Abstract
Purpose
Collapsing gullies, which involve considerable erosion and extreme landform changes, frequently occur in the granite region of Southern China. Capturing the evolution of collapsing gullies is useful and effective for predicting erosion amount and landform changes. However, the evolution of collapsing gullies is too complex to simulate using conventional models. The aim of this study is to modify the traditional cellular automata (CA)-Markov model for simulating the evolution of collapsing gullies and then quantify their morphology using landscape pattern metrics.
Materials and methods
A hillslope eroded by collapsing gullies located in Longmen Town of the granite region of Southern China is used as a case study. Three digital elevation models (DEMs) were derived on 11 March 2017, 21 July 2017, and 2 December 2017 from a remotely piloted vehicle and global positioning system (GPS) real-time kinematics. Rainfall data for the corresponding time was recorded by a tipping-bucket rain gauge.

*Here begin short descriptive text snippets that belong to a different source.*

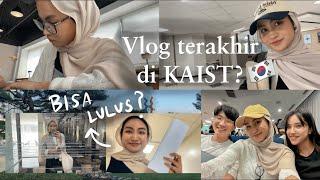 BENTAR LAGI LULUS?   Vlog2 Terakhir jadi Mahasiswa di KAIST.. (daily vlog)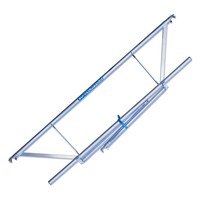 Euroscaffold Rolsteiger Professional 135 x 190 x 10,2m werkhoogte incl. lichtgewicht platform + enkele voorloopleuning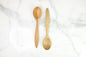 Euro Serving Spoon Set, Fruitwood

Using these data, the CA-Markov model for simulating the evolution of collapsing gullies was developed, and then the most accurate one was chosen to predict the evolution on 2 December 2018. Evolution of the case study hillslope was interpreted and assessed using landscape metrics to capture the erosional trends of collapsing gullies.
Results and discussion
The area differences of the modified CA-Markov model are lower than those of the traditional model while the kappa coefficients of the modified CA-Markov model are higher than those of the traditional model; that is, the modified CA-Markov model performs better for simulating and predicting the evolution of collapsing gullies. The kappa coefficients also demonstrate that both scouring and gravity impact collapsing gullies, and scouring force is more effective than gravity. Based on the evolution prediction, the erosion amount of collapsing gullies in the subsequent year is predicted to be 904.1 m3. Spatial pattern analysis showed that the mid-lower part of a hillslope eroded by collapsing gullies will continue to be intensively eroded and the ground surface will become more fragmented.
Conclusions
The use of a modified CA-Markov model and landscape pattern metrics provide an improved and effective method for understanding the spatial and temporal variations of collapsing gullies landform and ground surface, as well as better capturing the erosional trends of collapsing gullies.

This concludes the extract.